I DeclareDavid Taylor |
Author: Denness, Mike
Publisher: Arthur Barker
Rating: 3 stars
In a recent issue of the Cricketer magazine there was a photograph of the Duke of Edinburgh meeting members of the teams contesting the inaugural World Cup, in June 1975. Forty or fifty players are in the picture, and it’s an enjoyable exercise to pick them out: Ian Chappell, Doug Walters and Farouk Engineer are among those easily recognised. But of the England captain Mike Denness there was no sign. In a sense it was quite apt: by this time Denness was yesterday’s man, in captaincy terms, a dead man walking. After a disastrous tour of Australia the previous winter his head was very much hovering near the block; one more Test match was to be his lot.
He was of course, Scottish by birth, still the only man born north of the border to captain England, although his successor Tony Greig had Scottish parents. He was encouraged by his father, himself a keen cricketer who moved the family to Ayr, and a short distance from the local club, when Michael was seven years old. He joined straight away, and showed promise in adolescence – named Butlins’ ‘number one cricketer of the week’ at the age of 12 – and, the following year, taking all ten wickets for six runs, unlikely as it may seem – which earned him a bat and a congratulatory message from Alec Bedser. It would not be the last time their paths would cross, of course.
Caps for Scotland followed in due course, and in those days they played an annual first-class match against Warwickshire.
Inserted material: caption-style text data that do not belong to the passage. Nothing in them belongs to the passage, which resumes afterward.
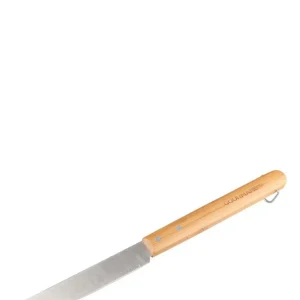 Kitchen Life Stainless Métal Knife Bamboo Handle - Silver
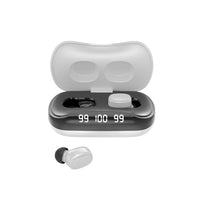 HKM-652179 Bluetooth Wireless Headset with Touch Control and Digital Display - TWS Stereo Earbuds for Sports and Everyday Use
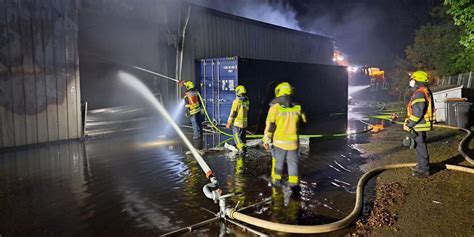 Das müssen Sie heute wissen Hoher Schaden nach Brand in Sinsen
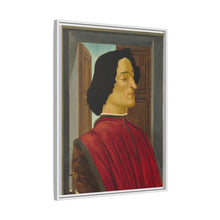 Sandro Botticelli's Giuliano de' Medici (c. 1478-1480) - NOMADEN ART GALLERY
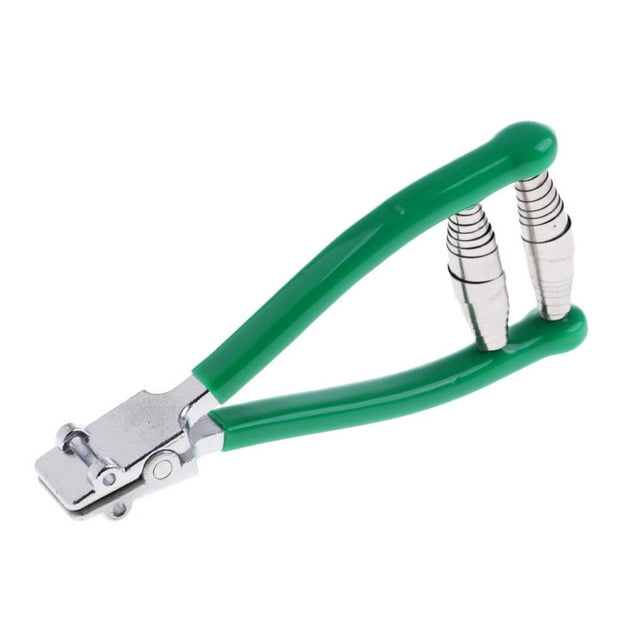 Abrazadera de arranque shamjiam raqueta de bádminton Acero inoxidable verde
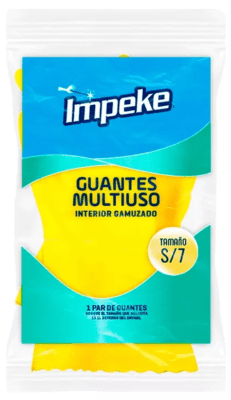 IMPEKE GUANTE LATEX S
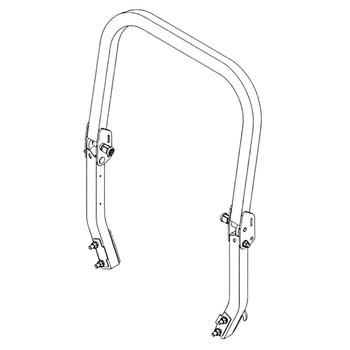 116-0232 - ROPS ASM - (TORO ORIGINAL OEM)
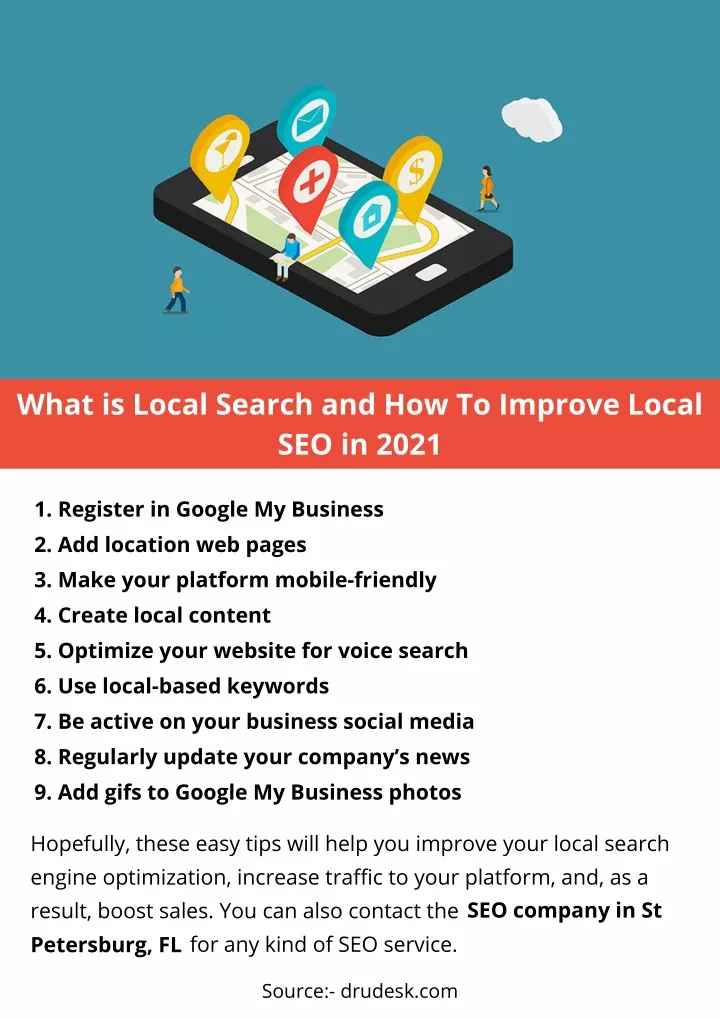 what is local search and how to improve local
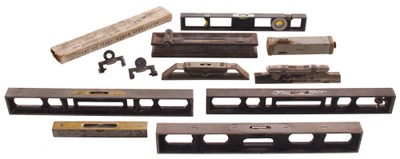 Assorted Makers: Lot Of Small Size Spirit Levels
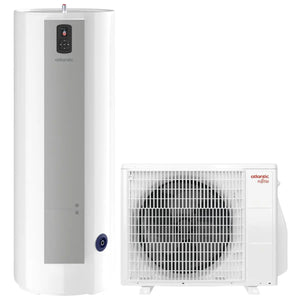 Scaldabagno a pompa di calore Atlantic Calypso Split inverter 270 L Classe A+ R32 WiFi Atlantic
MJK Smith approached Denness with an offer to play for the Bears after the 1959 fixture, but Kent got in first. The connection was Jimmy Allan, an all-rounder who played for Warwickshire and Kent as well as Scotland, who tipped off EW Swanton about the young Scotsman. He duly made his debut for the county in 1961. He seems to have encountered some ignorance along the way into county cricket: “I have heard it queried many times: how on earth can a Scotsman play the game of cricket? … People tend to regard a Scot who has any degree of success at cricket as something of a freak, rather like Dr Johnson’s talking dog – he is not expected to perform well, the wonder is that he performs at all.” (I thought the Johnson quote was about a dog walking on its hind legs, but I may be mistaken)
The Denness story thereafter is quite well known – after establishing himself in the Kent side he was offered the captaincy in 1971 after Colin Cowdrey’s long reign, and the following year was named vice-captain to Tony Lewis for England’s tour of England and Pakistan, despite having played just one Test at that point – against New Zealand in 1969. Lewis himself of course, had not even played once for his country. If that seems extraordinary now, and even then must have seemed like a throwback to the early Fifties,Denness is quite matter-of-fact about it, while acknowledging his good fortune. A year later the captaincy was his – not to universal approval. He led England on two tours and in one home season in 1974. There were two incidents of his captaincy that I was especially interested to read about – the notorious Greig/Kallicharran run-out in the West Indies and the occasion in Australia when he dropped himself – both are covered fully and thoughtfully.
Written, I’m sure, without the benefit of a ‘ghost’ this is a slim volume compared to the doorstop memoirs of more recent stars of the game. Of course Denness’s time at the top was considerably shorter than the likes of Steve Waugh or Ricky Ponting but it was certainly eventful. It’s a pity he never updated it as it would have been interesting to hear his take on the controversial India-South Africa Test when he attracted so much opprobrium for his decisions as a match referee. In short a book worth seeking out for anyone with an interest in cricket of the Seventies, and Kent supporters of course.